How do I know that there is a problem?

Exercise intolerance, pale mucous membranes, difficulties breathing and coughing especially at night are common symptoms. Cats usually do not cough as a result of CHF. Other symptoms that can be seen are abnormal heart rhythm, muffled heart sounds, heart murmurs, enlarged liver and free fluid in the abdominal cavity. The latter two are usually not seen in cats.

Are the symptoms enough to diagnose congestive heart failure?
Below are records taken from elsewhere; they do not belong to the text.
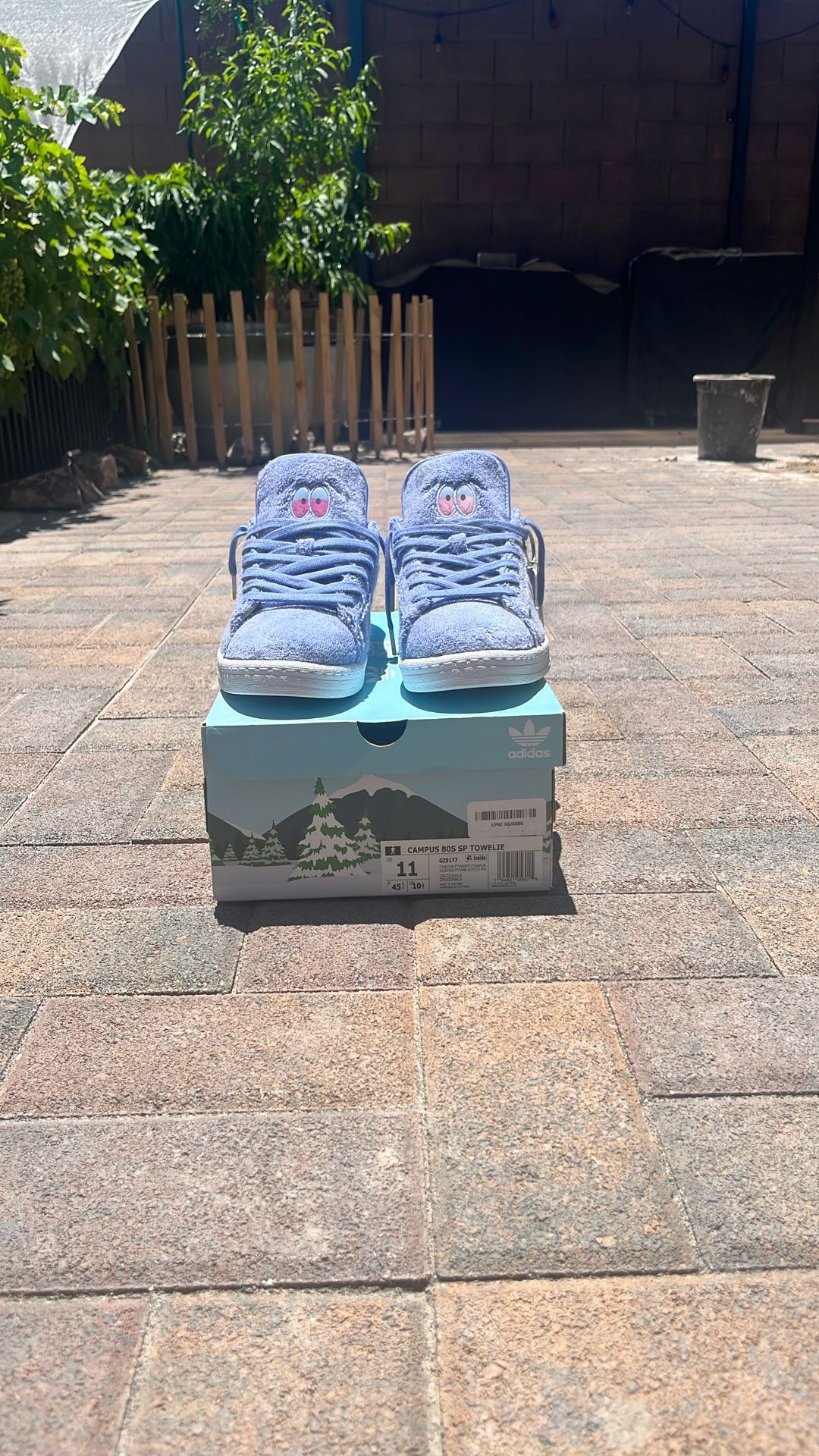 Towlie South Park Adidas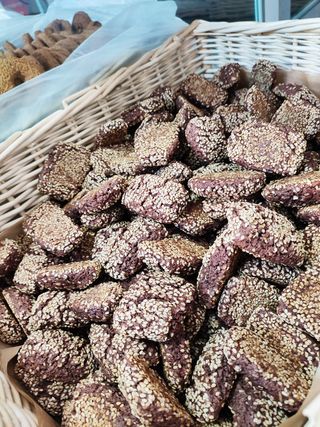 Biscotti Mustaccioli trapanesi confezioni da 330 g
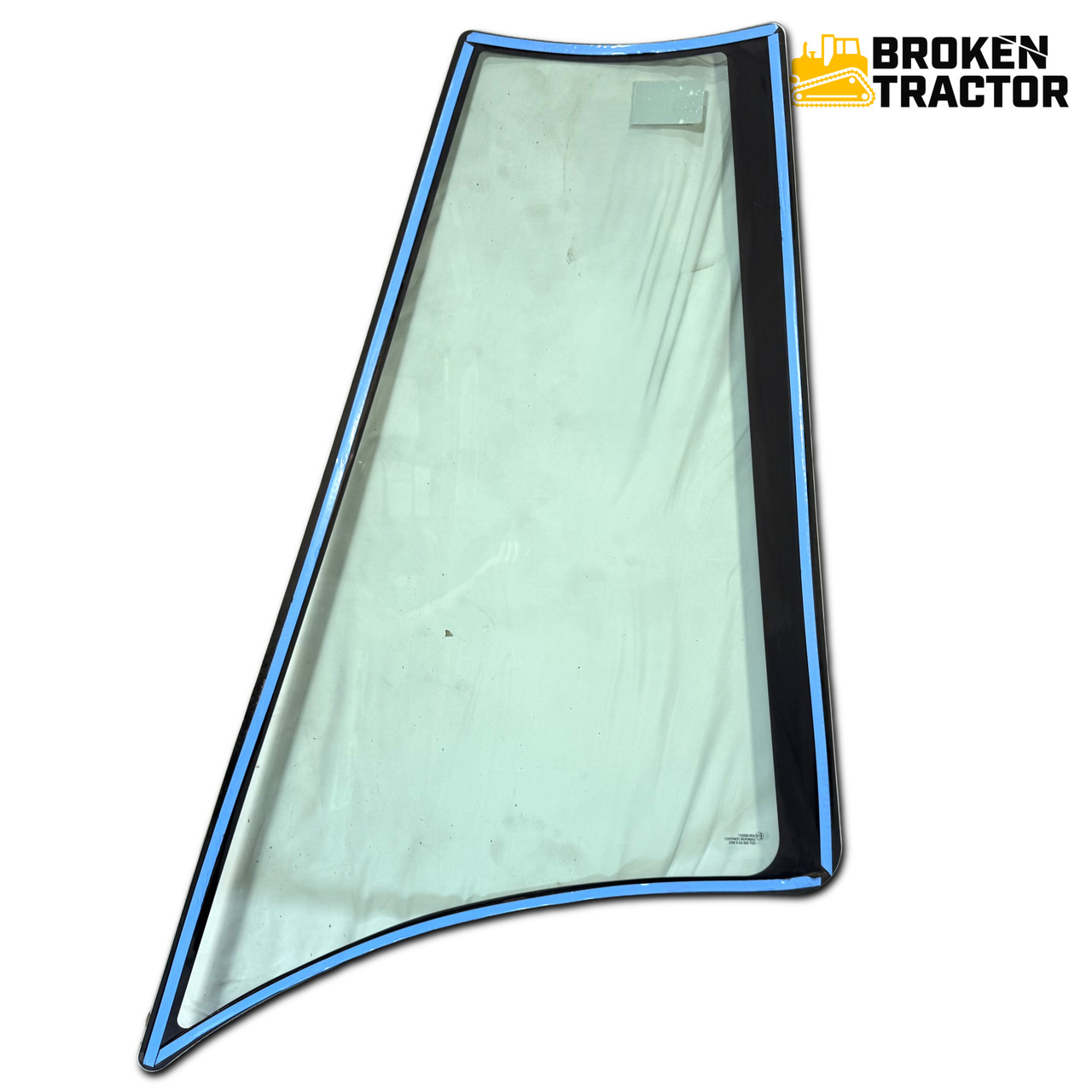 Ford Backhoe Cab Glass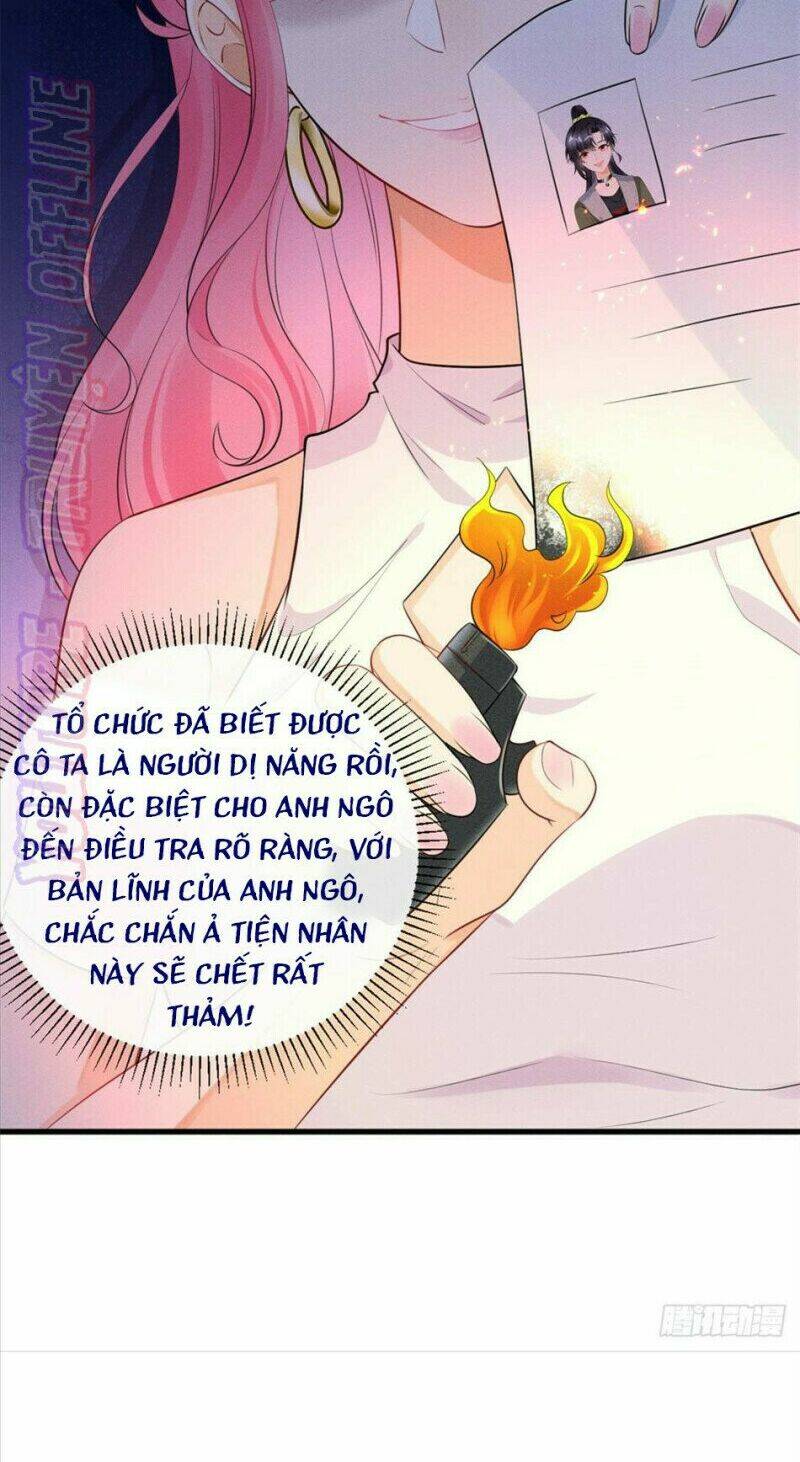 tôi trở thành tổ tông của 5 vị đại lão chapter 52 16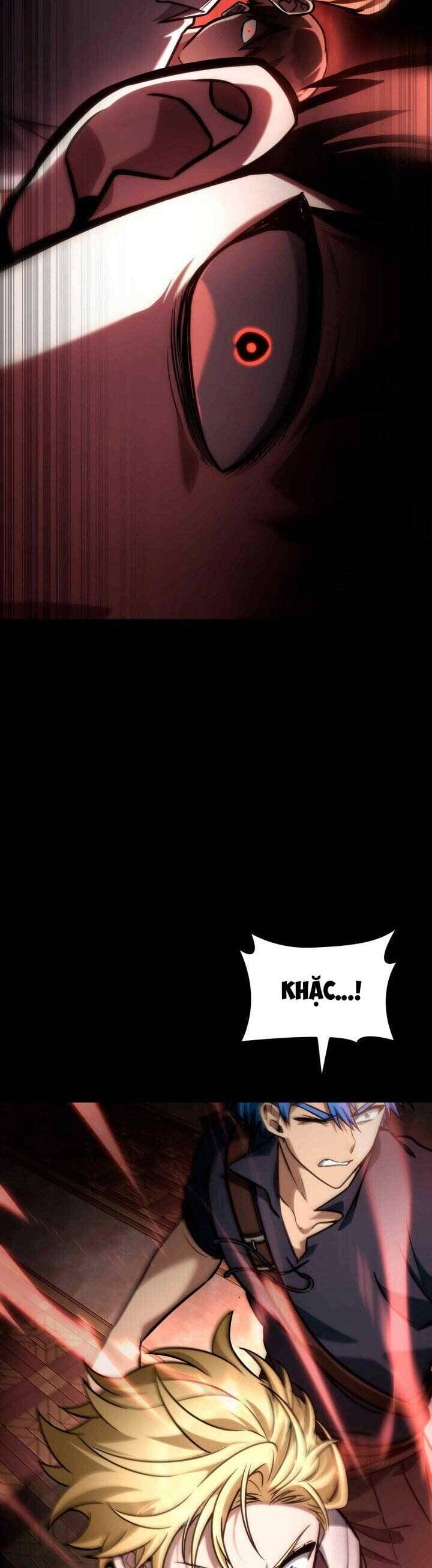 Truyện Tranh Đại Pháp Sư Toàn Năng - Infinite Mage trang 5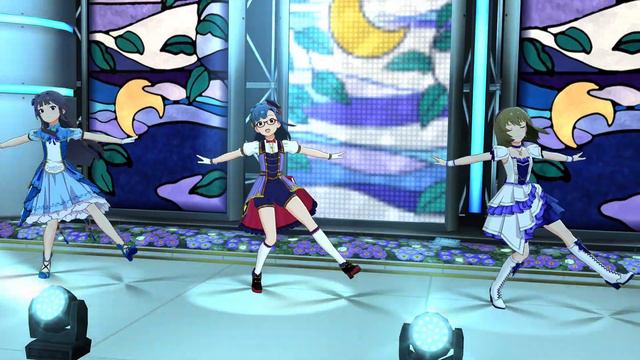 「ミリシタ 4K60fps MV」 Primula 【 プリムラ 】 смотреть онлайн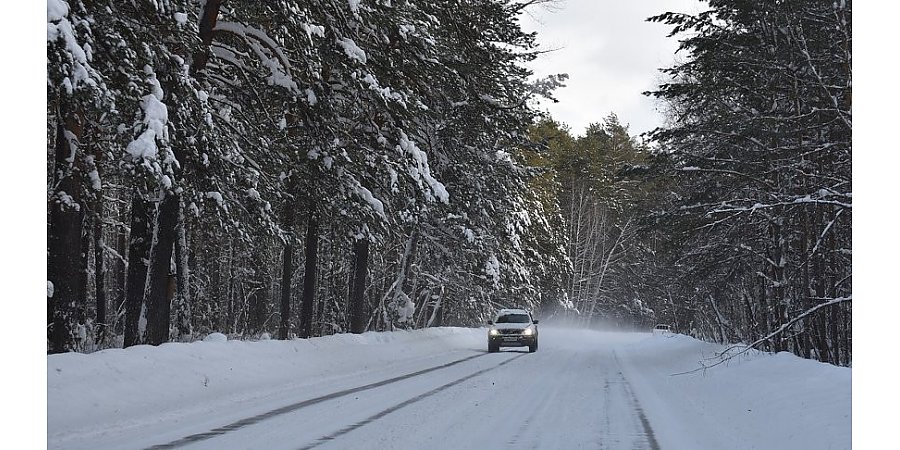 Аномальный холод и "режим черного неба" прогнозируют в Сибири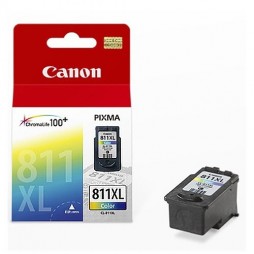 Tinta Cartridge CL-811 Warna - XL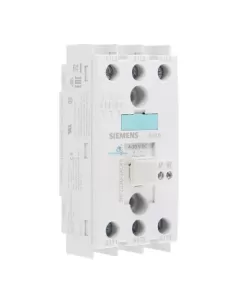 Siemens 3rf22301ac45 relè statico 3 fasi 30a 48-600v 4-30v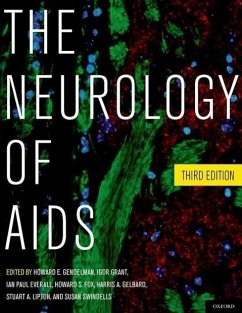 Neurology of AIDS - Gendelman MD, Howard E; Grant MD, Igor; Everall MD, Ian Paul; Fox MD, Howard S; Gelbard MD, Harris A; Lipton MD, Stuart A; Swindells Mbbs, Susan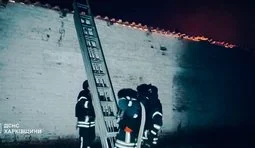 Нічна атака БпЛА на Харківщині: знищено ферму в Москалівці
The simple answer is no. The symptoms may help us make provisional diagnosis but additional tests are needed. Early stages of heart failure may be confused with respiratory disease which has different treatments.
The additional tests that are useful in diagnosing or assessment of the patients with CHF are;
1. Blood tests (full bloods and proBNP). A full blood profile tells us about the general body condition and if other concurrent problems are present such as kidney failure, electrolyte imbalance or anaemia. ProBNP is the latest blood test that can detect early heart problems. It tests for a special peptide (type of protein) released by a diseased heart muscle.

2. X rays are a very useful tool for assessing the size and shape of the heart. Heart shape can give us an indication of the cause of the problem. Also it gives us an opportunity to check the lungs for any abnormalities or to look for tumours.

3. Heart ultrasound looks into the heart and its structures, anomalies, issues with heart valves or to assess the thickness of the ventricles.

4. ECG can help us reveal abnormalities in the conduction of the impulse through the heart muscle.

How can I help my pet?

Congestive heart failure can often be managed by an early diagnosis. Many dogs will be treated as outpatients but the initial assessment is crucial. Your vet must know exactly how severe your pet’s condition is in order to treat it successfully.

The basics of the treatment are:

1. Remove excessive fluid from the lungs and make it easier for the patient to breathe.
This is usually achieved by medications called diuretics. The most common drug used is furosemide that makes the body lose excessive fluid through the kidneys.

2. Support the heart muscle by either improving the contractions of the heart or dilating the blood vessels to make it easier for the heart to pump the blood out. Pimobendan (Vetmedin) and benazepril (Fortecor) are two frequently used. Pimodenan does both while Benazepril dilates blood vessels only.

3. Correct heart arrhythmias. There are many different types of heart arrhythmias and the treatment can be pretty complex.

4. Supportive treatment (low salt diet, oxygen).

5. Restricted exercise. It is important to remember that strenuous exercise puts an enormous pressure on the heart and should be avoided. Only leash walks are recommended for pets with moderate to severe heart failure.

6. Surgical intervention. Tapping the chest and abdomen to remove excessive fluid can be done successfully in general practice and improves the effectiveness of the treatment.
Correction of certain congenital deformities is possible however some surgeries need a high degree of skill and are performed at specialist centres only.

Every pet with heart disease is a different story. While some can be treated with a simple combination of drugs and six monthly check ups, others need much more. It is virtually impossible to predict how quickly the disease may progress and this is why regular checkups are important. Our vets will develop a treatment plan depending on each individual case. Regular checkups give us an opportunity to see if the treatment is working and how your pet is responding to it. Blood tests to monitor kidney function and electrolytes are always recommended.